Jamiq Mosque, Sumenep

The two main beaches near Sumenep are Slopeng and Lombang. The former, which lies on the north coast some 21 km from the town, is a beautiful location with tall palm trees shading the edge of the beach. At weekends and on holidays Slopeng is popular with families from Sumenep, but otherwise it is quite deserted. A few of the local village people have set up stalls and offer fresh young coconuts and siwatan fruit, taken directly from the surrounding trees, to passing travellers.

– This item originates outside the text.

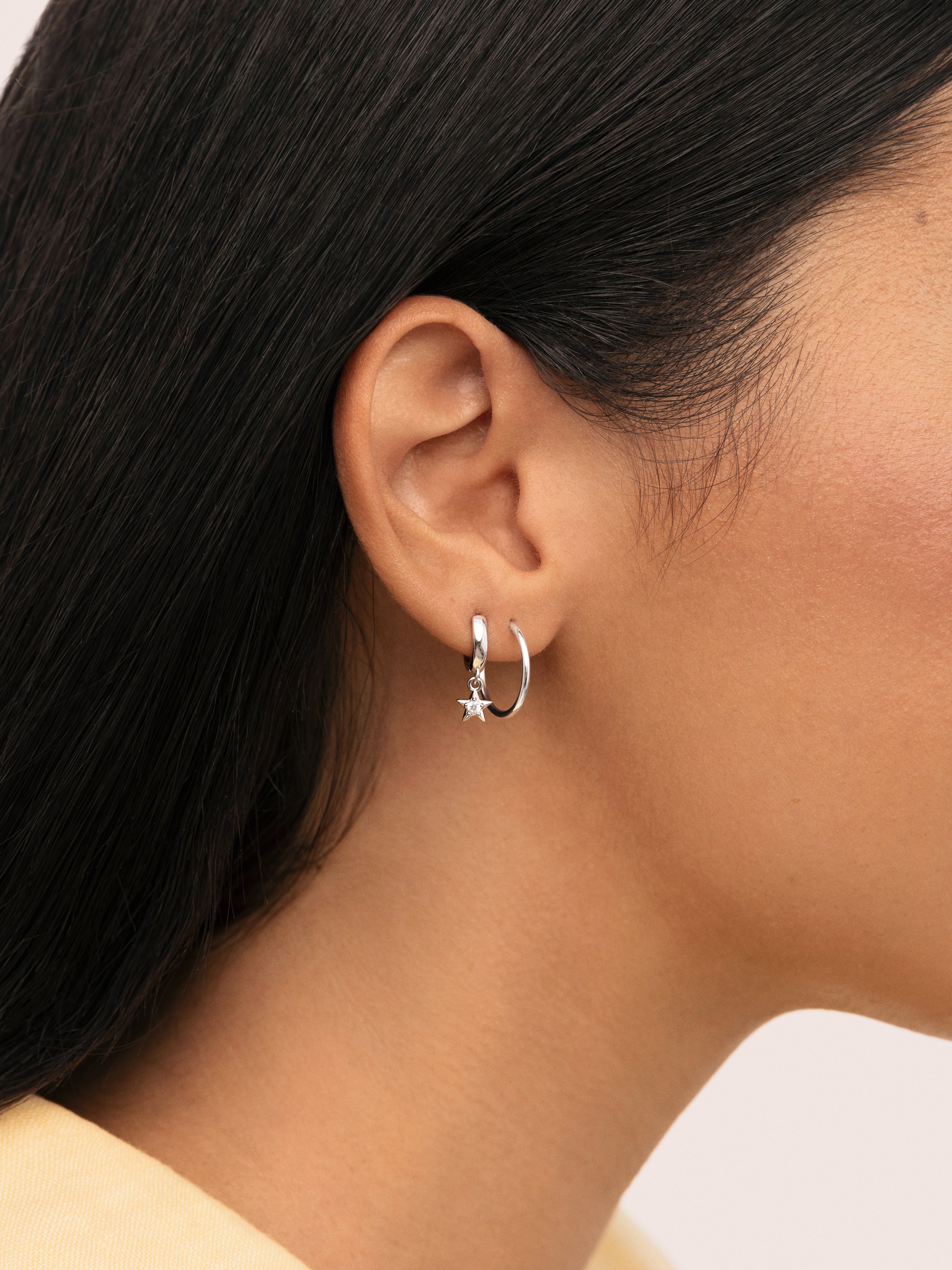 Single Hoop Earring Dance Star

At Lombang, on Madura's north eastern point, a long and narrow stretch of white sand is backed by short cemara trees. Aside from the occasional fisherman the beach is deserted, making it the perfect place for 'getting away from it all'.
A narrow but good road runs the whole way down Madura's attractive north coast, from Slopeng to Bangkalan. There are many small villages and quiet beaches to stop at on the way, in particular the fishing communities of Pasongsongan and Pasean, where narrow estuaries are packed solid with colourful sailing boats.
Before arriving at Bangkalan, which is the last major town before Kamal, it is well worth visiting the Aermata tomb of Ratu Ibu, who was the consort of Prince Cakraningrat I of Madura and a descendant of Sunan Giri, one of the famed Wali Songo, or 'nine saints', who originally propagated the Muslim religion in Java. The tomb, which is set on a hill about 4 km inland from the town of Arosbaya and approached by a long flight of steps, dates back to the mid 17th century.
Madura is also a well known centre for batik production and has its own unique style. In the performing arts, the island is famous for its topeng dalang, a mask dance/theatre, which at one time was only seen within the royal palace.